3.成果につながる会議運営を実践するコツ
全員参加型の会議にする
いつも同じ人だけが話す会議では、多様なアイデアは生まれません。管理職は、「○○さんはいかがですか?」「現場目線ではどうでしょう?」「新人の立場ならどう感じますか?」と発言機会を均等につくることが重要です。
心理的安全性が高い会議では、アイデアが増える、問題点が見つかる、チームワークが向上する などの効果があります。「誰も置き去りにしない進行」を目指してください。
議論を「行動」に落とし込んで終える
良い議論ができたとしても、「結局何をするの?」で終わってしまえば意味がありません。そこで、会議終了10分前には、必ず、決定事項、担当者、期限、次回確認事項を確認します。
例えば、「資料作成は田中さん、来週火曜日まで」「営業部との調整は佐藤さん」「次回会議で進捗確認します」ここまで決めることで、会議は単なる「話し合い」で終わらず、「実行」へとつながります。
成果を生む管理職は、会議を行動計画まで落とし込むのです。
話し方教室・専門家の視点/酒井学院長の一言
管理職にとってファシリテーションは、単なる会議進行ではありません。チームの知恵を引き出し、意見を整理し、合意形成を進め、成果につなげるための重要なマネジメントスキルです。
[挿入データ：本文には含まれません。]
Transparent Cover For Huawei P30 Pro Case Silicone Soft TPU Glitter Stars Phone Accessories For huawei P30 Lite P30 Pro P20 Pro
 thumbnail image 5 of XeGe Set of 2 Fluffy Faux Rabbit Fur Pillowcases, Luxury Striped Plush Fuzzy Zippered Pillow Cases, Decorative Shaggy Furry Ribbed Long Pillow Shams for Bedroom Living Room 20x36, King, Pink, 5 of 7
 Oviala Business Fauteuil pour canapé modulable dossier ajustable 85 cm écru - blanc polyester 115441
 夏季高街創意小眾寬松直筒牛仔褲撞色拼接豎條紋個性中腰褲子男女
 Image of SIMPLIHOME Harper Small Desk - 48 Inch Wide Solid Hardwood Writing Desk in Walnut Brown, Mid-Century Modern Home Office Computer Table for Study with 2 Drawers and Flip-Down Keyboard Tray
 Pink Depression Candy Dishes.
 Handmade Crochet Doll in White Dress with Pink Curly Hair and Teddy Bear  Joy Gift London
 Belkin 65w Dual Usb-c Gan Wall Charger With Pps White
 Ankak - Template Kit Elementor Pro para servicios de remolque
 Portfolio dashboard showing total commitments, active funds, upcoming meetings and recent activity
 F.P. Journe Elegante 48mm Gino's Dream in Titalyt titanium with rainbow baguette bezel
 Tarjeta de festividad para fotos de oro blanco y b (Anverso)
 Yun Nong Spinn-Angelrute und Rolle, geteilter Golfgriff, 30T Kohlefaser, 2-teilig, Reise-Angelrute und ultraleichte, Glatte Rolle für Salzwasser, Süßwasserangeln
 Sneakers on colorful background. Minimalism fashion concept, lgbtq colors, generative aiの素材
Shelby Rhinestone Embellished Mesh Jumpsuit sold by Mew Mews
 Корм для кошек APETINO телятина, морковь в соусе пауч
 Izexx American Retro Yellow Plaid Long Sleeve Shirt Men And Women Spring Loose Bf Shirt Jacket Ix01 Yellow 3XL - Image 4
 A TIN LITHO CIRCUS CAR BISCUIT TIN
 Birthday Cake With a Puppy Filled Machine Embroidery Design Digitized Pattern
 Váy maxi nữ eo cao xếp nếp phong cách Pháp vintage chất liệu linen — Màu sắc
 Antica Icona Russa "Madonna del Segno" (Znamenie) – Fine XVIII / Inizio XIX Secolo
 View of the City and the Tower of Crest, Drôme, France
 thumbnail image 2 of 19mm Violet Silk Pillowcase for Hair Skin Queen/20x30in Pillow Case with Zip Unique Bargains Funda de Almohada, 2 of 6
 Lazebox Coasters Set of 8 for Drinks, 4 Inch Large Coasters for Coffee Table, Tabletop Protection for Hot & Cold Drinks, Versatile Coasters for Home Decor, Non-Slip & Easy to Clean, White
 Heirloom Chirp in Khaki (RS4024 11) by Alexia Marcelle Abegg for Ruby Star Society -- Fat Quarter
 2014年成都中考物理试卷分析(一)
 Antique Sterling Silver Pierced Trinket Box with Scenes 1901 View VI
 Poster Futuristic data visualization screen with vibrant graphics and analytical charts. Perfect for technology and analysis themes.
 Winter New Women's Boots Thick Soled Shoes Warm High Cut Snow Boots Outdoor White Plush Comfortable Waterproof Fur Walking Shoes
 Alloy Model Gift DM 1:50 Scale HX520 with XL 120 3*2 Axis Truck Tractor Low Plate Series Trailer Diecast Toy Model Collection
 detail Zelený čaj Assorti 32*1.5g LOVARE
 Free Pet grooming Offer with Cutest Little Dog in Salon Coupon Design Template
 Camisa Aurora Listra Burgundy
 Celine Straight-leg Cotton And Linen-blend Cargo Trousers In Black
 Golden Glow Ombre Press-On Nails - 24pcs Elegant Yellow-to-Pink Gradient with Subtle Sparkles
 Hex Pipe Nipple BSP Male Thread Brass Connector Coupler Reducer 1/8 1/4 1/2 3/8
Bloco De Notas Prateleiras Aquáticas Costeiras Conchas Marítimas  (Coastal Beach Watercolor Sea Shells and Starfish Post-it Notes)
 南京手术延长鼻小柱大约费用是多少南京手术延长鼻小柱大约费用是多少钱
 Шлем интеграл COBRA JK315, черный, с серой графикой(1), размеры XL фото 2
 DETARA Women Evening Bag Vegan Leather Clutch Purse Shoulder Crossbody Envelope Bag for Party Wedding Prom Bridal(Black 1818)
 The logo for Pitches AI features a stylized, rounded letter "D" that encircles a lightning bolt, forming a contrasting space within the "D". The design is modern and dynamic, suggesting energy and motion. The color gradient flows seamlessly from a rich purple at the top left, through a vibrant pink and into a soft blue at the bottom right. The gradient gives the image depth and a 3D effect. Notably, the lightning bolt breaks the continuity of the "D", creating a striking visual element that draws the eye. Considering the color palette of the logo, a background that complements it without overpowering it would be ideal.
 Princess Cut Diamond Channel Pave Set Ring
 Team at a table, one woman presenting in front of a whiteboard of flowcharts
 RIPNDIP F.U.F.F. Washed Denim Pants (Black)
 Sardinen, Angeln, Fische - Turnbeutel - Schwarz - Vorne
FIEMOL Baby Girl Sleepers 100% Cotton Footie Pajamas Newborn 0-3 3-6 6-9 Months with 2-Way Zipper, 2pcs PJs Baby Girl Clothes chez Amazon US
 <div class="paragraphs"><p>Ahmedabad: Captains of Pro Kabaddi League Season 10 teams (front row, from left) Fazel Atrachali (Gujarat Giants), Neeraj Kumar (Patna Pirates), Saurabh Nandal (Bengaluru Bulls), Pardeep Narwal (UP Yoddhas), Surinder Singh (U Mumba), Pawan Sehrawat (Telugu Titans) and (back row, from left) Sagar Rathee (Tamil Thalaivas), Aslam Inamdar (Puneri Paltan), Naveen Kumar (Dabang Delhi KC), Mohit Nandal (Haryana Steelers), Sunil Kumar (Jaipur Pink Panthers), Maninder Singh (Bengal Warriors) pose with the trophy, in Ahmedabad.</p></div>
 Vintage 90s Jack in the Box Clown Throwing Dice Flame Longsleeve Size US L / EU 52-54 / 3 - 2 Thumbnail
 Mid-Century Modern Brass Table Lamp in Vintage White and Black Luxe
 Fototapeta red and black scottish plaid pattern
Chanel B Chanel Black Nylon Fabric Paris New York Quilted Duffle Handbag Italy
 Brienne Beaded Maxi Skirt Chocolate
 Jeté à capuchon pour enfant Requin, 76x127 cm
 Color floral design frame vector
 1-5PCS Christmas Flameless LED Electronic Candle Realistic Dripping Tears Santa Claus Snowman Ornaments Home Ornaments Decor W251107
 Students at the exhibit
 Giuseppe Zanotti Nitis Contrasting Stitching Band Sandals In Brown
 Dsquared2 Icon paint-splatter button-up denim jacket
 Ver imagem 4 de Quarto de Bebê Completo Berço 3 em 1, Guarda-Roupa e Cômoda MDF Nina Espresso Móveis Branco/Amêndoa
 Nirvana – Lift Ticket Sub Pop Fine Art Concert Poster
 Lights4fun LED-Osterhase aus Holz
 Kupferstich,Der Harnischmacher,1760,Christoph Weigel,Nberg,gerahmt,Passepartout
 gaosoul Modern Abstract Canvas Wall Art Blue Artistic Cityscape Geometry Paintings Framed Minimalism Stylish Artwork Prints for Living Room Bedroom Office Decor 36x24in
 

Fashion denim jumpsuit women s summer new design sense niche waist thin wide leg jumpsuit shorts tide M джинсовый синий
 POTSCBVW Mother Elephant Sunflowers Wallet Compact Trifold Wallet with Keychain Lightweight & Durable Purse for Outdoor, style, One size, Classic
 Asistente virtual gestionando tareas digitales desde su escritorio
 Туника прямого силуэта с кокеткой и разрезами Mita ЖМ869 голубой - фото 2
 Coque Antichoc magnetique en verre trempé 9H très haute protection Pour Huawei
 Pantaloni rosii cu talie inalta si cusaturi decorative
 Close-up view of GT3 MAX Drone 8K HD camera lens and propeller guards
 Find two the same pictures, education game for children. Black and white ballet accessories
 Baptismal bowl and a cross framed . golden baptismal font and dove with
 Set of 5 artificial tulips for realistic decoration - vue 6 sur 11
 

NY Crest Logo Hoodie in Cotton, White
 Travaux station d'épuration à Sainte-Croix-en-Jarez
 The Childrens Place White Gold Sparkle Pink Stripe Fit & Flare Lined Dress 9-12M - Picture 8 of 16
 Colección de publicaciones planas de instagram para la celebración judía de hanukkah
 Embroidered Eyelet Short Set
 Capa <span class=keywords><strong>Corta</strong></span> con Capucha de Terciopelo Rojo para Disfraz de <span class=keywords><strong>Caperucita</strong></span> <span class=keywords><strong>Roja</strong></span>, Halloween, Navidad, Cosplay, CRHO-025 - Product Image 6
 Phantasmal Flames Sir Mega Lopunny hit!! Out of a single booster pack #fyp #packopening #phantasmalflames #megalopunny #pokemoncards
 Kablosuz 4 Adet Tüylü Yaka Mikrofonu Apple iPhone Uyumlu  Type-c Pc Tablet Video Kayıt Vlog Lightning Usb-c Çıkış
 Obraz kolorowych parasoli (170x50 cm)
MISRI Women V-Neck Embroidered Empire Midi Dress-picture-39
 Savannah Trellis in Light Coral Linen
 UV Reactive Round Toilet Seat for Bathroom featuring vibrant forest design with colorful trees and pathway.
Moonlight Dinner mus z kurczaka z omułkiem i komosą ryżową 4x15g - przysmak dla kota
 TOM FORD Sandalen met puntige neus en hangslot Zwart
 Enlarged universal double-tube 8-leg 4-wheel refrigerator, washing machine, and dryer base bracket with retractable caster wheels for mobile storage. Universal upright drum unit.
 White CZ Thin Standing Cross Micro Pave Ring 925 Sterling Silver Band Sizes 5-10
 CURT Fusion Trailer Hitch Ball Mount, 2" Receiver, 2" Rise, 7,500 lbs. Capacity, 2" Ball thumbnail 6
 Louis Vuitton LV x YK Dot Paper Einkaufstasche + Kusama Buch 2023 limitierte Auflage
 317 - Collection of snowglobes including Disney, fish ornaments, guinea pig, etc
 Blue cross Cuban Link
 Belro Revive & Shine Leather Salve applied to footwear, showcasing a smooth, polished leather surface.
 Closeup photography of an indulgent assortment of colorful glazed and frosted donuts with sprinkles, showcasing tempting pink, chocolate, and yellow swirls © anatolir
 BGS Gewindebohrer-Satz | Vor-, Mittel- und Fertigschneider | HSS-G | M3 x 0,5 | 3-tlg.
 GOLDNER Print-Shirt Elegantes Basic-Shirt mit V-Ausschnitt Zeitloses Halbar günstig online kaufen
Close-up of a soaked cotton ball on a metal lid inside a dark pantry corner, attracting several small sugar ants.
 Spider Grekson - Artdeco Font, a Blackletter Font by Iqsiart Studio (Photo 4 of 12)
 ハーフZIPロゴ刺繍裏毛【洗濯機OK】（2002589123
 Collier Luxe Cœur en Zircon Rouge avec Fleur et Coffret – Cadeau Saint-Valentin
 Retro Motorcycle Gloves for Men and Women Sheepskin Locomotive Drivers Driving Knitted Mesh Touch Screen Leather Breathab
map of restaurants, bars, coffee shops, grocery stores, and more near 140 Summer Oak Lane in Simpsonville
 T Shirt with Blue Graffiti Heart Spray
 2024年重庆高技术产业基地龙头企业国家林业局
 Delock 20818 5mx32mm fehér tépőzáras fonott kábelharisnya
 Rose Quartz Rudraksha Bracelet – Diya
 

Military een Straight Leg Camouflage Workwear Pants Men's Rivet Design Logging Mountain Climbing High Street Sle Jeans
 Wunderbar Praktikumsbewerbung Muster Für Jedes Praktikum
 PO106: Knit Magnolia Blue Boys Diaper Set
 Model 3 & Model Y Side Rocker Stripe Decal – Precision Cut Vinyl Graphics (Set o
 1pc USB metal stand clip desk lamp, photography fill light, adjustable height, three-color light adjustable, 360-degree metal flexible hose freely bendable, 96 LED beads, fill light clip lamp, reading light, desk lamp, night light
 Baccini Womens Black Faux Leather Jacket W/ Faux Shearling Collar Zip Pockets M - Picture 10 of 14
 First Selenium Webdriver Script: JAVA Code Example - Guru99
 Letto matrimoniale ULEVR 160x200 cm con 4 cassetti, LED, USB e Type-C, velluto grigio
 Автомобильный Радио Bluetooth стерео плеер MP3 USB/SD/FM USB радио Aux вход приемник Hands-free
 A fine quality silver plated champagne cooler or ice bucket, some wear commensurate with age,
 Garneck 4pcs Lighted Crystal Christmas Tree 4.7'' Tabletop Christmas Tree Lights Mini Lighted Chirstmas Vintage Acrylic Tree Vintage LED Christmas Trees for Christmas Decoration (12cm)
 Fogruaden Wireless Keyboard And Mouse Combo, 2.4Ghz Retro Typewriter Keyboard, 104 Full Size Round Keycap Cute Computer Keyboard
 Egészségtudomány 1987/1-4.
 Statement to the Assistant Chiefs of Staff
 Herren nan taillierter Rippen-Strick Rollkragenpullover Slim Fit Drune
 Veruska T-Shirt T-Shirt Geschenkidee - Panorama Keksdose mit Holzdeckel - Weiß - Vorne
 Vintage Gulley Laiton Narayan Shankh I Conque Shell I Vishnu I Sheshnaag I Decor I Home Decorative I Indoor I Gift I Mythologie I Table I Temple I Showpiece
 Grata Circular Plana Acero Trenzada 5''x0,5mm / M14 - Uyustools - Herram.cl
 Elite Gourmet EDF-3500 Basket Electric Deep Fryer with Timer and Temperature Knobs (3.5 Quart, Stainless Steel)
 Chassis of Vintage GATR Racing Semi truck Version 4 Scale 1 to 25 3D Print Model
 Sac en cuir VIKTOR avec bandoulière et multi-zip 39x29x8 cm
今回ご紹介したポイントを整理すると、次の3つになります。
管理職は、ファシリテーションの基本を理解し、「話す人」ではなく「引き出す人」になる
質問と要約を活用し、議論を整理・活性化する
全員参加型の会議を実現し、決定事項を具体的な行動へ落とし込む
会議の質が変われば、チームのコミュニケーションは変わります。そして、コミュニケーションが変われば、組織の成果も変わるのです。大変ではありますが、管理職の皆さん!頑張ってくださいね。